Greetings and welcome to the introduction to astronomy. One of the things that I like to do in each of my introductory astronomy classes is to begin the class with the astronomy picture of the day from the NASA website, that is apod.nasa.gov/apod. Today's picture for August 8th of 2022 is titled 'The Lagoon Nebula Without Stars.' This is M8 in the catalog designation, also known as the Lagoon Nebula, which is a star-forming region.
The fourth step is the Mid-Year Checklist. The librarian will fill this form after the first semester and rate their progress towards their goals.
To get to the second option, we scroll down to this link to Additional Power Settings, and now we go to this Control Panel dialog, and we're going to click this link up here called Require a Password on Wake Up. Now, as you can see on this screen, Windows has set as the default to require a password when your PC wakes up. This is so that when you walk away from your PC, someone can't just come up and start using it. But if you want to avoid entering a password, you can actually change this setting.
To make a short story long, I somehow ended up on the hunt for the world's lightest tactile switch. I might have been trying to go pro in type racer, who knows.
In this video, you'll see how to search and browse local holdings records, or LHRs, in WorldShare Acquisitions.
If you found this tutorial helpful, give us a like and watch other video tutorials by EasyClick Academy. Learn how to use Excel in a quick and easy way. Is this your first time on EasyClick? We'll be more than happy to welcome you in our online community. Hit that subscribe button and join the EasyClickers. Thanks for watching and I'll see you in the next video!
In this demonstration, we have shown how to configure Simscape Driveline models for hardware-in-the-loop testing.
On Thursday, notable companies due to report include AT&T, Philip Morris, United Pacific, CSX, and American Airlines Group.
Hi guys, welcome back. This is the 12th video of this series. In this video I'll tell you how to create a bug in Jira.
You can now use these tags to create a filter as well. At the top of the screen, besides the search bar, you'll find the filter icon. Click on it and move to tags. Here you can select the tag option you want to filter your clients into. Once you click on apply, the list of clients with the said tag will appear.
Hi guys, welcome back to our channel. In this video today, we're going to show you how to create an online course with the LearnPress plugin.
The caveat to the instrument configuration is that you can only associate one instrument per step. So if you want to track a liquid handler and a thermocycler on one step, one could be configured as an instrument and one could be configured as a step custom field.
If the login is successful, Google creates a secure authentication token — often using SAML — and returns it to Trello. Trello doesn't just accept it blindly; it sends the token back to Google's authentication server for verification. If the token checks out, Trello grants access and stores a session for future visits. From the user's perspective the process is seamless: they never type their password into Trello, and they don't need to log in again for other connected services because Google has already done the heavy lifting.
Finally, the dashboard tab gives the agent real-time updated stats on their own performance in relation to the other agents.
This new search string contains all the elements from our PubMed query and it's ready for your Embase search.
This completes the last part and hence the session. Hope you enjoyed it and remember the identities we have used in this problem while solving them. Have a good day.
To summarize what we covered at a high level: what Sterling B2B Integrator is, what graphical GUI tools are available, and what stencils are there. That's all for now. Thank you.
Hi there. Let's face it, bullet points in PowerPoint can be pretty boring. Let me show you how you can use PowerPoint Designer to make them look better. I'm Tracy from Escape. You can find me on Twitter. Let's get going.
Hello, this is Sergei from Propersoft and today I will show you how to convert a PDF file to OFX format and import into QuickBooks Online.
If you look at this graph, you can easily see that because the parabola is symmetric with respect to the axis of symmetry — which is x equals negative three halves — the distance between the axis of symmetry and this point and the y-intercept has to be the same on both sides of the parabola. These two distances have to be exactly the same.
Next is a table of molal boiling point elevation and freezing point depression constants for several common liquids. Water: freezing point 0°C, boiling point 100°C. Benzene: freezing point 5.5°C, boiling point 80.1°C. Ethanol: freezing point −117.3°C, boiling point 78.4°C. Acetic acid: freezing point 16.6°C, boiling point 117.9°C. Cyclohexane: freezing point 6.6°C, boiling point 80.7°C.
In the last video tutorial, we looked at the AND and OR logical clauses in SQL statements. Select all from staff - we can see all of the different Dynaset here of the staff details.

--------------------

__Work instructions__. Print again the lines of the entries above that fall between the line holding "Hi guys, welcome back to" and the line holding "The caveat to", inclusive, exactly as they stand.

__Result of the exercise__.
Hi guys, welcome back to our channel. In this video today, we're going to show you how to create an online course with the LearnPress plugin.
The caveat to the instrument configuration is that you can only associate one instrument per step. So if you want to track a liquid handler and a thermocycler on one step, one could be configured as an instrument and one could be configured as a step custom field.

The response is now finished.